Introducing the theme for discussion, IIM Amritsar students delivered a few presentations on the themes of the Conclave and briefly introduced the audience about the rise and prevalence of gig workforce in India and how Gen Z is being accommodated in the modern workplace. The first team of presenters comprising of Mr. Sambhav Jain and Mr. Rahul Sehgal of PGP05 informed the audience that gig economy has been expanding and making inroads through conventional organizational setups. The second team of presenters comprising of Mr. Rishabh Parakh and Mr. Mohit Dugar of PGP05 talked about how modern workplaces are updating their policies and practices to accommodate the incoming Gen Z employees.
Mr. Prashant Srivastava was the moderator of the first session. He began the discussion by posing a question before the students. He asked how many students would prefer to get a healthy salary in the beginning of each month and who are willing to become gig workers and sell their skills and work for new employers. He was visibly impressed by the response by the students who preferred to engage in gig economy. Mr. Prashant highlighted the challenges of gig economy and raised the question of self-actualization among the workers based on Maslow hierarchy of human needs. The challenge also lies in the differing mindsets of the employees and the employers. As corporates, their mindset is American while the employees have an Asian mindset. How we marry the two distinctly diagonal dimensions to land in a win-win situation is the crux of the discussion.
Mr. Rajendra Mehta began by demonstrating that the practices that originate in the USA, when introduced in India shall definitely thrive and become successful. The cities of Delhi and Mumbai have large base for gig workforce. The momentum will continue to build and propagate to the other large cities with population greater than 1 crore. Mr. Rajendra said that gig economy is typically the ‘uberisation’ of skills where spare talent can be utilized for cost optimization.
Mr. Bikram Naik said that the common thinking is to associate gig with delivery boys and drivers and this is how the gig economy actually originated. The underlying thought is to realize that the low skill range workers like cab drivers are working for technology-driven companies and are getting accustomed to the technology. This will definitely lead to sustainability of gig economy in the long run. Mr. Bikram emphasized that the gig workers are essentially ‘engaged’ and not ‘hired’ and this potentially adds to the win-win scenario.
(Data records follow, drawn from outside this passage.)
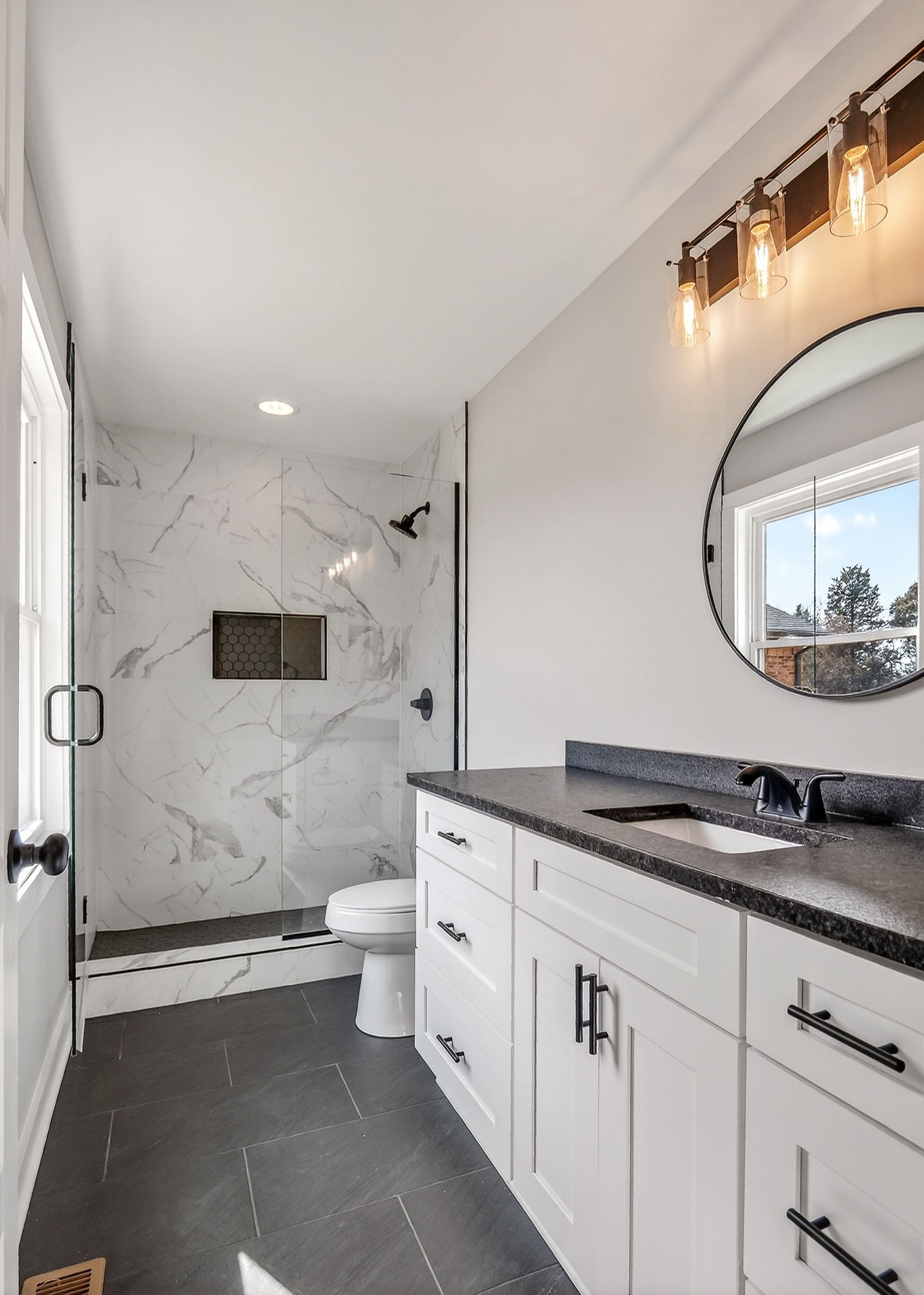698 Mike Muncey Road McMinnville, TN 37110 - Photo 19 of 71 a spacious bathroom with a granite countertop sink a toilet a mirror and bathtub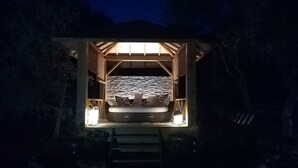 Una cabaña acogedora y luminosa con una cama, un muro de piedra y techo de madera.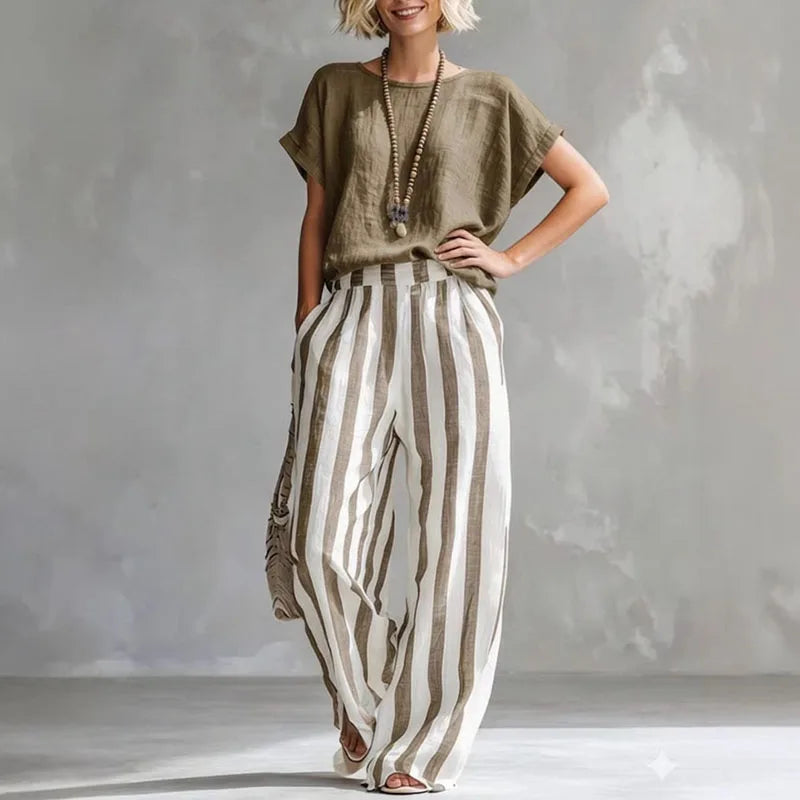 Striped women's linen blend summer set with comfortable wide-leg pants & short-sleeve top, ideal for beachwear.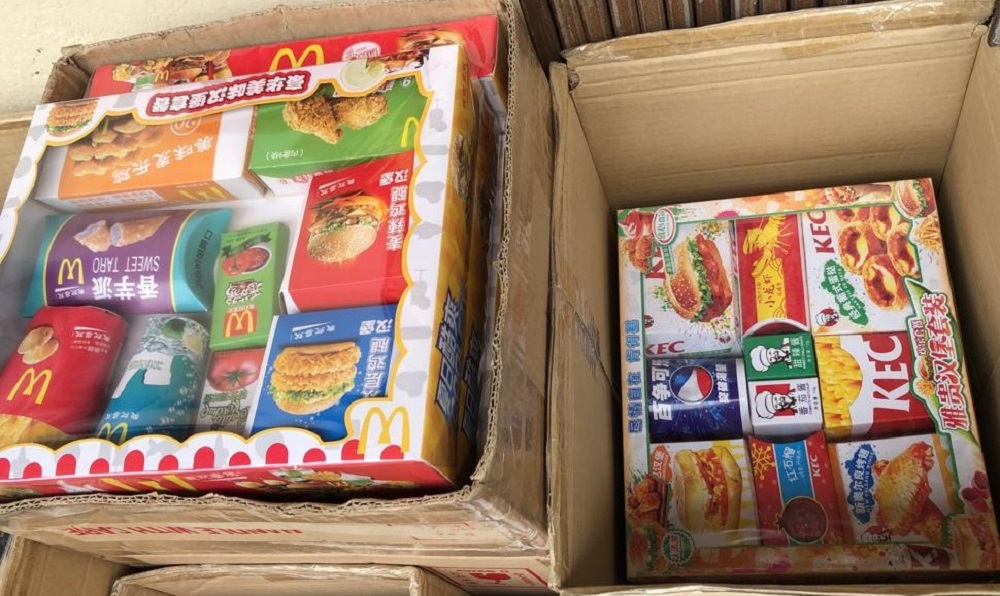 Boxes of KFC food paper offerings are among the prayer items sold in Perniagaan Barangan Sembahyang Cina Hua Seng. ― Picture via Hor Sau Wan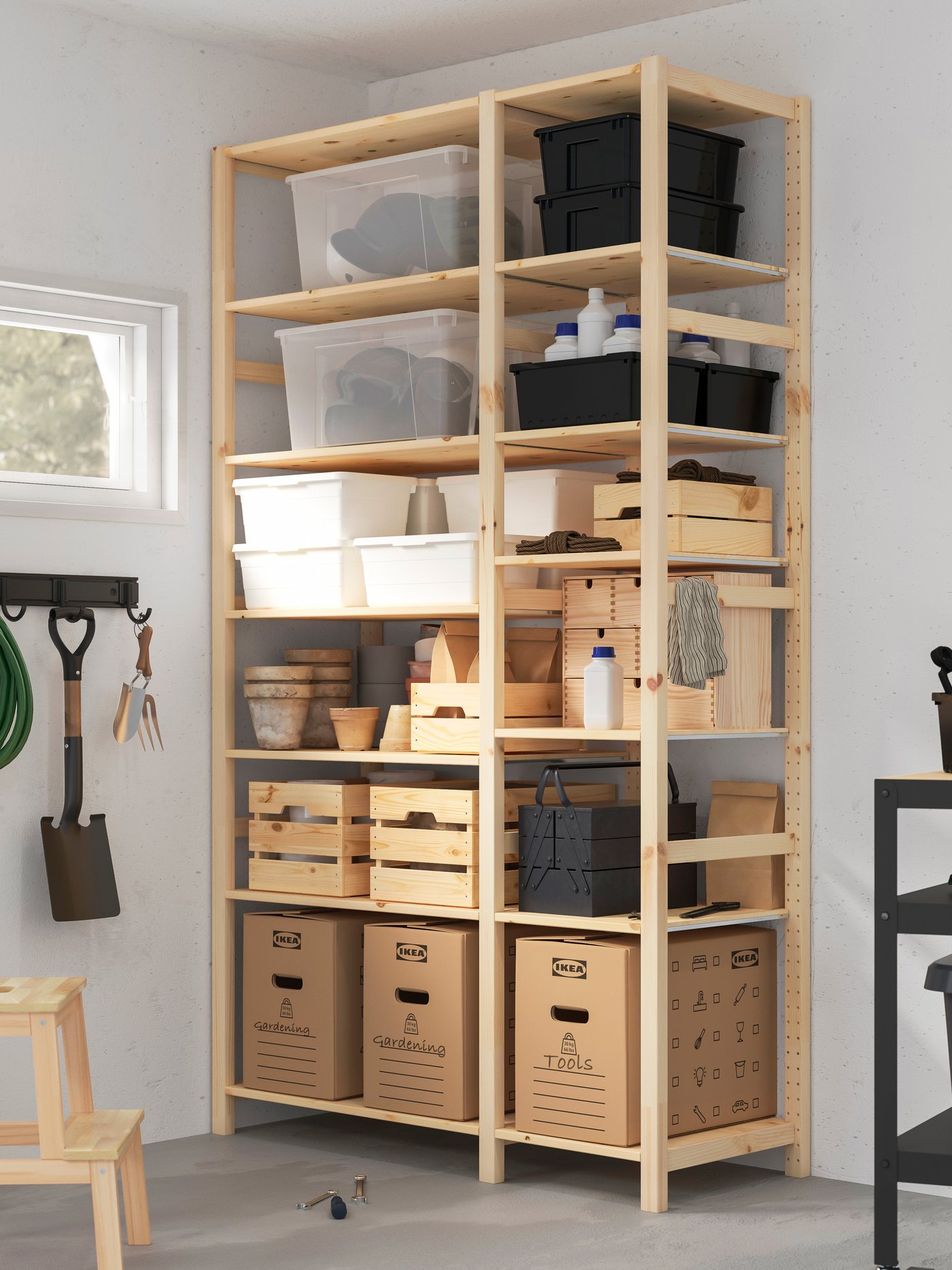 Uno scaffale in pino IVAR posto in un garage. Sui ripiani ci sono vari contenitori e scatole.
While recalling an ‘engagement’ opportunity offered to an air hostess, he realized that social security and loneliness are primary challenges faced by gig workforce.
Ms. Sonali described how for existential purposes in the USA, people began selling their skills for short-term assignments and the trend has only increased since. Ms. Sonali asked the students to ponder that as a social fabric of the nation, are we ready for gig economy considering the security and kind of opportunities that are available. Huge psychological safety net that the corporate setup provides to permanent employees is definitely a challenge for gig economy. The kind of preparedness that corporate needs to have to recognize, understand and accept the new culture of gig workforce and to mete out justice to them is the question to be answered.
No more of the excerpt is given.